Page 7 : plus explicitement encore, « le pape désire que ce soit l'occasion pour les catholiques de connaître les problèmes propres du judaïsme ». Que faut-il entendre au juste par *problèmes *? Ce mot passe-partout est fort à la mode depuis que, détourné de son sens premier, il sert à signifier n'importe quoi : inquiétudes, embarras, difficultés, ennuis, petites et grandes misères, drames, sujets de réclamation, plaintes ou revendications plus ou moins justifiées, bref, tout ce qui crée malaise, quand même les causes du malaise ne sont que trop claires et n'ont donc rien de problématique à proprement parler. A ce compte, il y a des problèmes partout, pour tout le monde et tout le temps. Cependant, s'il en est aujourd'hui de particulièrement graves, urgents, massifs et angoissants, ils ont pour principal objet les chrétiens que nous voyons impunément persécutés dans le monde entier, victimes d'oppression et d'extermination comme au Liban, au Cambodge et ailleurs, en butte à des spoliations, brimades et vexations de tous genres comme dans les États communistes et dans les musulmans, voire quelque peu parfois en Israël même.
31:306
Les pays ne sont pas rares où le catéchisme et le baptême sont sévèrement proscrits, où le simple signe de la croix est passible de châtiment. -- Mais *Le Figaro* ne dit pas si le grand rabbin de Rome, par un vœu réciproque, désire que sa rencontre avec le pape soit aussi pour les juifs « l'occasion de connaître les problèmes propres » du christianisme.
\*\*\*
Le pape sera d'abord accueilli par le président de la communauté juive, « tandis qu'un chœur chantera le psaume 150 : *Alleluia, louez Dieu dans son temple !* » Ce chant d'allégresse convient à la circonstance, chacun étant libre d'entendre le mot *temple* dans le sens qu'il voudra. Au sens propre et originel, ce fut évidemment le Temple de Jérusalem, qui n'existe plus. Au figuré, sans majuscule, ce peut être aussi bien n'importe quel lieu de culte, juif, chrétien ou autre. Les modernes, croyants ou non, traduisent le plus souvent par sanctuaire. Vigouroux, Crampon, Dhorme (dans la Bible de la Pléiade) expliquent en note que ce sanctuaire ne fait qu'un avec le firmament, le ciel, séjour de la puissance divine. Voilà qui ne peut choquer personne.

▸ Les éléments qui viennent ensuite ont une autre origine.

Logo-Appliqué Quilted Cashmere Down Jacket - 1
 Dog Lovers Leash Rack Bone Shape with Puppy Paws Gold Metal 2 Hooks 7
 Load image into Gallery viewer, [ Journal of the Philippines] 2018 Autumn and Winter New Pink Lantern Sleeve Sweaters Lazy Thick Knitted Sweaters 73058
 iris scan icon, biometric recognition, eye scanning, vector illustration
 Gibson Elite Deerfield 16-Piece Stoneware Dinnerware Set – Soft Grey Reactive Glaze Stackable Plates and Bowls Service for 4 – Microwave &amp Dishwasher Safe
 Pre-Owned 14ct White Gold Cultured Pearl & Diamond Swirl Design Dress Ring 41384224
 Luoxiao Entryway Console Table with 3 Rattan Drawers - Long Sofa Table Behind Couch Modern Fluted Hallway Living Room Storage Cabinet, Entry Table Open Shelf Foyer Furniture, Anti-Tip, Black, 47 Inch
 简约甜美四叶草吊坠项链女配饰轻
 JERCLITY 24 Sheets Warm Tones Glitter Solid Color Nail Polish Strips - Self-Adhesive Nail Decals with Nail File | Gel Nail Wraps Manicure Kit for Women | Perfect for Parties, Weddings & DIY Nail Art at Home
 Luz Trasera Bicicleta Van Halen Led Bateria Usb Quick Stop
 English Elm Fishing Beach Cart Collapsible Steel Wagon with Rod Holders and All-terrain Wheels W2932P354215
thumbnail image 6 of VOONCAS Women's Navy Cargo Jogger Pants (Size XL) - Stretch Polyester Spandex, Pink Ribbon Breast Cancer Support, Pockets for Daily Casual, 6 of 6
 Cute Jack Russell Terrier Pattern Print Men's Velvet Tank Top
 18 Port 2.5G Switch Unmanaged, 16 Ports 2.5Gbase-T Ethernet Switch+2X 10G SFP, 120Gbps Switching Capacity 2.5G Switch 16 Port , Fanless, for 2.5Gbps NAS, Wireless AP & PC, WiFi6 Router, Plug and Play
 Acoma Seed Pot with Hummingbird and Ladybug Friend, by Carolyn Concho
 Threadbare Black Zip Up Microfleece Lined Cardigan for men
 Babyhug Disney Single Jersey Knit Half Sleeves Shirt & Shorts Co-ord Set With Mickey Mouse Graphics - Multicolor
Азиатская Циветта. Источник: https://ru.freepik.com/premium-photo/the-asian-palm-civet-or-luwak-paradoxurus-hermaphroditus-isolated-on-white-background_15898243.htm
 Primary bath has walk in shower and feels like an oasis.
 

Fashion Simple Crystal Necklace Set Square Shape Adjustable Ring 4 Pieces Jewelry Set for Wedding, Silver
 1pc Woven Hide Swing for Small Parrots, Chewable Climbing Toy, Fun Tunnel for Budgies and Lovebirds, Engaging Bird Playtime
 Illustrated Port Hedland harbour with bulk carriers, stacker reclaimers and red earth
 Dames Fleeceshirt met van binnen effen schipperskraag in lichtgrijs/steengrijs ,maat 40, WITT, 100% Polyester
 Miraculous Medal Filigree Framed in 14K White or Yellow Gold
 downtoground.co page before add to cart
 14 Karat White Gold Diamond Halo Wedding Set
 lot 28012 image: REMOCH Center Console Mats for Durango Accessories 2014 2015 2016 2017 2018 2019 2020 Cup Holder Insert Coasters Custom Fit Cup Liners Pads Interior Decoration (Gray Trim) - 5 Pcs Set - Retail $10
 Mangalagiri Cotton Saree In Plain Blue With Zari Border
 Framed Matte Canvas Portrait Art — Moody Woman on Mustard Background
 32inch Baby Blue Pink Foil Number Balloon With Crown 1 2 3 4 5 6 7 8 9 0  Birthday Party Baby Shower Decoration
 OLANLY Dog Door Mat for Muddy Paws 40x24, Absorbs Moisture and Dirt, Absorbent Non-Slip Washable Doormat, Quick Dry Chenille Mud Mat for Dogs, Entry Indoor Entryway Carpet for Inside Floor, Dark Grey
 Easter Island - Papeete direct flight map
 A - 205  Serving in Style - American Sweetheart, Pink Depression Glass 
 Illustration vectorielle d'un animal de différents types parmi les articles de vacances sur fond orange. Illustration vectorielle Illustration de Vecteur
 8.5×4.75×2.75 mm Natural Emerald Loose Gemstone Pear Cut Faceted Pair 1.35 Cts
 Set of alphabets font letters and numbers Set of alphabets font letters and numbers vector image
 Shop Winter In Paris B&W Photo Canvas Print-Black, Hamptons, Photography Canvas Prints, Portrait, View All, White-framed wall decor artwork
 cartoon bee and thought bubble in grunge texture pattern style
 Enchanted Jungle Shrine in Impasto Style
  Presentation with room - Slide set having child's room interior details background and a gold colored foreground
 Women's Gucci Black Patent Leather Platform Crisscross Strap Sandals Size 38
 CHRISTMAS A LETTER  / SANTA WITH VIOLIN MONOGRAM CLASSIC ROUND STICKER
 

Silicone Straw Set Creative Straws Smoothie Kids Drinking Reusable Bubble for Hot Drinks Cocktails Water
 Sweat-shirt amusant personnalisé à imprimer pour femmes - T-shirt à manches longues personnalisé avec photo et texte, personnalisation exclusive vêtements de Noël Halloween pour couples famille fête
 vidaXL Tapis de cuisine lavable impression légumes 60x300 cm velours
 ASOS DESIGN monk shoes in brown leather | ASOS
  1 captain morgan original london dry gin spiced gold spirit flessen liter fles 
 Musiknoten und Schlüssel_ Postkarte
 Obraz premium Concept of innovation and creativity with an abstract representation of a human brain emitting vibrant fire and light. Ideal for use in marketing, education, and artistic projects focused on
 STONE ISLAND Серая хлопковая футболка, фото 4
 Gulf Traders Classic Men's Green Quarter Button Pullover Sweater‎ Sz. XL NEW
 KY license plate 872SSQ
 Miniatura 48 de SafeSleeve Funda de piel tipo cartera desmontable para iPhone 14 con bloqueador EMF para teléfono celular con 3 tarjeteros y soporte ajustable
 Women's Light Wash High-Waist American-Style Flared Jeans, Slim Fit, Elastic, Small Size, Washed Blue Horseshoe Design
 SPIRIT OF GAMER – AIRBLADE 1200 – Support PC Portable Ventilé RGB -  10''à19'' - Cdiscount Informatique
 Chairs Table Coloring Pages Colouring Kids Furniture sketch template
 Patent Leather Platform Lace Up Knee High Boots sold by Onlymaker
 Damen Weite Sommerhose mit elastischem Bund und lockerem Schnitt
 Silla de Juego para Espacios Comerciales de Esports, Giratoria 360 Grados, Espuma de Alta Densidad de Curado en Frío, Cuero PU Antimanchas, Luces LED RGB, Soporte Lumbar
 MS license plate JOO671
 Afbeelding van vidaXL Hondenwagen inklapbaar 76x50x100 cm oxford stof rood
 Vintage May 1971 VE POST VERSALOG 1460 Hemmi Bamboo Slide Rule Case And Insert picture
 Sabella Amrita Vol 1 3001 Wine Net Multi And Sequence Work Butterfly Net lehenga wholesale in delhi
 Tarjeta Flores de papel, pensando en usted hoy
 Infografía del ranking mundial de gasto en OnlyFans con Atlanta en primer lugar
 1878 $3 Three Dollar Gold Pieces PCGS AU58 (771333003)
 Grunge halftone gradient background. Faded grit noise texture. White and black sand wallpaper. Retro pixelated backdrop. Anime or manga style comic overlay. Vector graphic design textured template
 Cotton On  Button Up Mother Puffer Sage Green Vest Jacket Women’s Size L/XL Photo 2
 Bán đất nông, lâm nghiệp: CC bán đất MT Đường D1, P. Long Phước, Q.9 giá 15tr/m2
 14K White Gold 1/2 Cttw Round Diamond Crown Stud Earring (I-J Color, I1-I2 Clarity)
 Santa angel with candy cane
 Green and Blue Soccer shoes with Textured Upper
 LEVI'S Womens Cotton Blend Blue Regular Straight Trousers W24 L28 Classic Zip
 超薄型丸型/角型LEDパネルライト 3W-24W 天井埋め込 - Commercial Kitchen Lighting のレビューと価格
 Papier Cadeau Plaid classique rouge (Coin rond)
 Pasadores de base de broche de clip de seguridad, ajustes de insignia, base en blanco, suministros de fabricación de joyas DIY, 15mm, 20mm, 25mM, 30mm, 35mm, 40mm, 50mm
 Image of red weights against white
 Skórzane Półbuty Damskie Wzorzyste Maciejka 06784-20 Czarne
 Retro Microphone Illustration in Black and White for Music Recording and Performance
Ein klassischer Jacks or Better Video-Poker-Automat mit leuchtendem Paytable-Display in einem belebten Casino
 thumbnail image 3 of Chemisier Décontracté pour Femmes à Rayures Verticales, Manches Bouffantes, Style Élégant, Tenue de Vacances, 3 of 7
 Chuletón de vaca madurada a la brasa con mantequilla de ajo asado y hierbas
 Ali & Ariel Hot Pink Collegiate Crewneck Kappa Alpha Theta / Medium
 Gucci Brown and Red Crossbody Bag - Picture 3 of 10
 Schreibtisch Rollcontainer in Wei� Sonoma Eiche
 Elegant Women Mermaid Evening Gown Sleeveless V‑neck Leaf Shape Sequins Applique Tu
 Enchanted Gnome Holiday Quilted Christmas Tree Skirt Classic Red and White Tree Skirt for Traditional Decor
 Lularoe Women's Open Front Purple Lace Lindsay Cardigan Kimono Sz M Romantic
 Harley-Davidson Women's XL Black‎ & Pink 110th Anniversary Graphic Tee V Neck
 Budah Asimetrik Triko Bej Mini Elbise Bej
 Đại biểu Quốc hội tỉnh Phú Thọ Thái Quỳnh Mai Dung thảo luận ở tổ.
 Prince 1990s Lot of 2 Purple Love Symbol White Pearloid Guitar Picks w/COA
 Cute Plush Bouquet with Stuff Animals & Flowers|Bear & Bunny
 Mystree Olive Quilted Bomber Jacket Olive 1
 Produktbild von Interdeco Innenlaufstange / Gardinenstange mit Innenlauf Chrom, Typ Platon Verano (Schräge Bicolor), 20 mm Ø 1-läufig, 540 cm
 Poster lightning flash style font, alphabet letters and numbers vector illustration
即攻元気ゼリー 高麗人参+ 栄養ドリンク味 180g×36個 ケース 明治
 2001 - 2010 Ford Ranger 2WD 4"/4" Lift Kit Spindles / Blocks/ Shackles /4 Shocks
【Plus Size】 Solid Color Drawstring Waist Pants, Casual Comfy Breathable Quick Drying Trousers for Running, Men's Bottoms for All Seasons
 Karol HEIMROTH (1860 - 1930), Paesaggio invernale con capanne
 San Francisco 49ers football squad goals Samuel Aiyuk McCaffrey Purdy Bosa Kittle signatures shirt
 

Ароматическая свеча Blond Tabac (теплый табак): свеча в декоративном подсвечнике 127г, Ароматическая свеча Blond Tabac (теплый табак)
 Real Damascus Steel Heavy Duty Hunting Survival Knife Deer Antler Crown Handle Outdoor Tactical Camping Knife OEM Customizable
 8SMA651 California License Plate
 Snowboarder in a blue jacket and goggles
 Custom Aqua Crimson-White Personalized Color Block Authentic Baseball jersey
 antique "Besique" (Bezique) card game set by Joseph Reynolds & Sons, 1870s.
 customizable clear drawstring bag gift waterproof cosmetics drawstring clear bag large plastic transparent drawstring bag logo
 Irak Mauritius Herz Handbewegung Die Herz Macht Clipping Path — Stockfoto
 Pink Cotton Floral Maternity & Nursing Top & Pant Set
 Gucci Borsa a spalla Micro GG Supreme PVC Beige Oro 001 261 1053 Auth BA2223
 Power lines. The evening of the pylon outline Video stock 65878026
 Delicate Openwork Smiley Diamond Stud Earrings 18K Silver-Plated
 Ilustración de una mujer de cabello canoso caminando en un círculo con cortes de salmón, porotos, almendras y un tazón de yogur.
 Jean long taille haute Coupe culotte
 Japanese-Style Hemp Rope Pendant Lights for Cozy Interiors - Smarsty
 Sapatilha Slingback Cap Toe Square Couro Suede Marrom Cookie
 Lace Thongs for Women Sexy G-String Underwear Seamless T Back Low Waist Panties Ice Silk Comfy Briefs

Une fois entrés dans la synagogue, le grand rabbin et son visiteur diront tour à tour deux psaumes encore, sur quoi M. Joseph Vandrisse, toujours dans *Le Figaro*, a l'obligeance de nous donner les indications que voici « Le grand rabbin récitera en hébreu le psaume 123 (*Si le Seigneur n'avait pas été avec nous, le torrent nous aurait submergés*) et le pape, en italien, le psaume 132 (*Voyez comme il est bon de vivre ensemble, en frères*). La partie religieuse de la rencontre devrait se terminer par le chant du Ma-Amin, l'acte de foi en la venue du Messie, celui qu'entonnèrent tant de déportés jusque dans l'enfer des camps de la mort. »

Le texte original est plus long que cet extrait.